Selain itu, hal ini menunjukkan ketidakdewasaan orang tua dalam menyikapi suatu permasalahan, sehingga tidak heran mungkin hal tersebut yang ditiru sang anak dengan tidak mau memotong rambutnya yang panjang dan melanggar aturan sekolh walaupun sudah diperingatkan karena dia yakin orang tuanya akan membelanya walaupun hal tersebut melanggar aturan. Apa yang dilakukan orang tua tersebut tentu berlawanan dengan semangat revolusi mental presiden Jokowi untuk membuat generasi muda menjadi pemimpin yang mau dididik secara mental serta karakter dan juga taat akan aturan yang berlaku, serta bukan sembarangan saja bertindak.
Bagi institusi sekolah tentu hal ini menjadi suatu pelajaran bahwa jika ada kejadian orang tua tidak terima didikan oleh guru kepada anaknya yang menjadi siswa, maka orang tua diminta menarik anaknya dari sekolah tersebut atau sekolah dapat mengembalikan siswa kepada orang tuanya dan orang tua mungkin menyekolahkan sendiri (home schooling) serta mendidik dengan caranya sendiri.
Dimanapun sekolah pasti memiliki aturan dan bisa jadi aturan tersebut tidak sesuai dengan prinsip orang tua. Untuk orang tua macam begini mungkin lebih baik tidak perlu mensekolahkan anaknya di sekolah formal, jika tidak bersedia untuk mengikuti aturan yang ada di sekolah tersebut. Tidak heran memang siswa saat ini menjadi tidak hormat kepada guru ataupun orang yang lebih tua, jangan-jangan hal tersebut bukan hasil didikan dari sekolah tetapi justru dari lingkungan sosialisasi primer sang anak yaitu keluarga dalam hal ini orang tuanya.
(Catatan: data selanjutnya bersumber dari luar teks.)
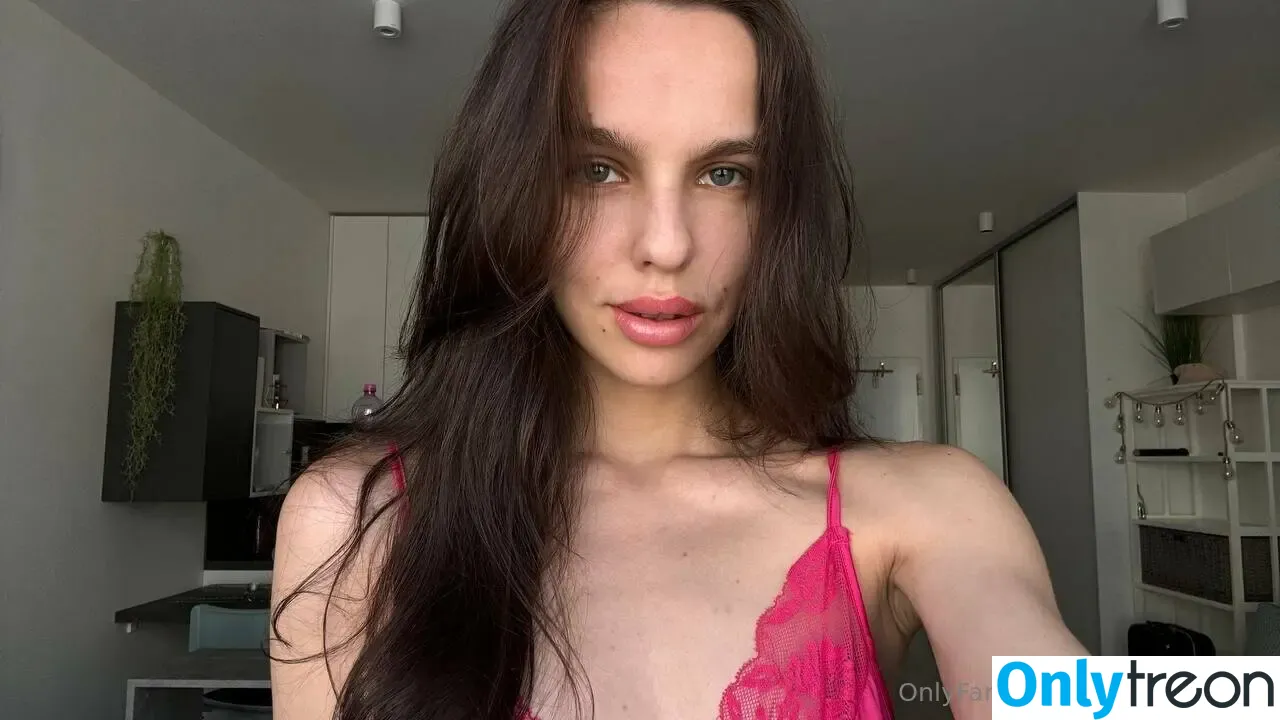 emilymoore69 nude photo #0018 (emymooree)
Jika guru melakukan tindak kekerasan pada anak, maka dengan mudahnya orang tua maupun pihak-pihak lain menyalahkan sistem pendidikan serta menyalahkan guru terhadap tindakannya tersebut. Akan tetapi, seringkali mereka lupa bahwa terkadang yang memicu guru melakukan tindakan tersebut adalah sikap anak yang tidak hormat, tidak sopan dan terkadang tidak tahu aturan.
Hal tersebut tentu adalah bawaan dari rumah dalam hal ini keluarga yaitu orang tuanya. Oleh karenanya kerjasama antara orang tua dengan guru (sekolah) diperlukan dengan berdialog sesering mungkin dan saling mendukung untuk menyelenggarakan pendidikan kepada anak atau siswa. Perlu diingat pendidikan bukan hanya transfer mata pelajaran tetapi juga mendidik secara karakter.